You could also add more complex logic by checking one cell’s value and then deciding which other cell to look at next based on that value. This would require additional code for conditional statements (e.g., if, elif).

Using Other File Formats

The above example is specifically designed to work with Excel files in the .xlsx format using the pandas library. If you need to handle other file formats, consider using libraries like openpyxl or xlrd for reading and writing Excel files.

For instance, if working with older Excel files that use the .xls format:

data = pd.read_excel(f, 'Sheet1', engine='xlrd')

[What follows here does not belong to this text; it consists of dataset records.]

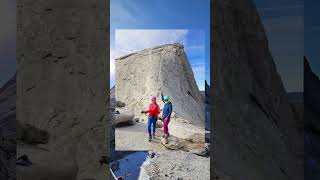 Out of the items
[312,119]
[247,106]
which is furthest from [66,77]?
[312,119]

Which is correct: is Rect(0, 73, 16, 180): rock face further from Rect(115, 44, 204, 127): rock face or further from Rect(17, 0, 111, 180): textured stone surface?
Rect(115, 44, 204, 127): rock face

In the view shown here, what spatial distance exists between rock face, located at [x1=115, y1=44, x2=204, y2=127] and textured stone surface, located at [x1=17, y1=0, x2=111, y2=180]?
24.8ft

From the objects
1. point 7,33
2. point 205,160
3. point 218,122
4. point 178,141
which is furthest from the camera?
point 178,141

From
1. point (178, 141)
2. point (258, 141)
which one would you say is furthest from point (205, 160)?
point (258, 141)

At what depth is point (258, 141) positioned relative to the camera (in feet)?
7.50

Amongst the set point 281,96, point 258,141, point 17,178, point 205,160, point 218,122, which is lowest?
point 205,160

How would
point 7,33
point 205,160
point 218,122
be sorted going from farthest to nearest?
point 205,160, point 7,33, point 218,122

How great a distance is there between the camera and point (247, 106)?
230 cm

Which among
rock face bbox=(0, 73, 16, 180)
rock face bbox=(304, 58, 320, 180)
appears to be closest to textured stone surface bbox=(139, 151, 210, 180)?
rock face bbox=(0, 73, 16, 180)

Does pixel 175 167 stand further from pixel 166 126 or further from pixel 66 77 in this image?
pixel 66 77

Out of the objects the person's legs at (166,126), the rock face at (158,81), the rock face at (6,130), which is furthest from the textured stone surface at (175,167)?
the rock face at (6,130)

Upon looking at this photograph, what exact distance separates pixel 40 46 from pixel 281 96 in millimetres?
1832

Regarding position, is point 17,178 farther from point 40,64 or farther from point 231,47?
point 231,47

And don’t forget to install any additional required libraries (openpyxl, xlrd) by running:

pip install openpyxl xlrd

Handling Folder and File Path Issues

If the folder path contains spaces or is not accessible, make sure to enclose it in quotes when defining folder_path. Also, check that you have permission to access this directory.

folder_path = r"C:\Users\YourUsername\Documents\folder_with_excel_files"

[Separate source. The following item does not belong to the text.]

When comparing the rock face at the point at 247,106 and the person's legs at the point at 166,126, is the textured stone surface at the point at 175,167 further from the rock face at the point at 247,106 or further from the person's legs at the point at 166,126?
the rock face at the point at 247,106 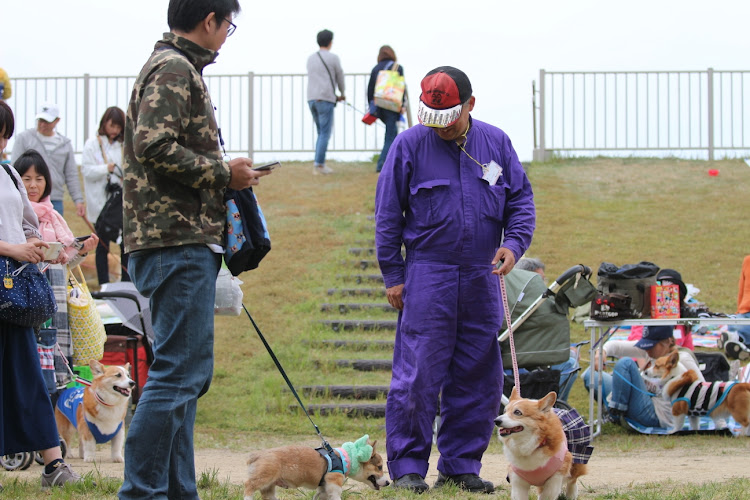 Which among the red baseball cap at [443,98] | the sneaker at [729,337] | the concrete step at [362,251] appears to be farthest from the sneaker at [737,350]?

In case of permission errors or file not found issues during iteration through files, consider adding error handling mechanisms within your loop (try-except blocks).

Conclusion

This guide demonstrated how to read multiple Excel files in a specified folder, extract specific data from each file (e.g., cell B3), combine the extracted values into a new DataFrame, and save this combined data to a single new Excel file. Python’s pandas library is used for its ability to handle complex data analysis tasks efficiently.

While our example covered basic operations, there are numerous possibilities for expanding upon this process (e.g., handling multiple sheets within a spreadsheet, extracting more specific information from each file). This should provide you with the foundation needed to tackle various Excel-related tasks involving Python programming.


Last modified on 2024-07-18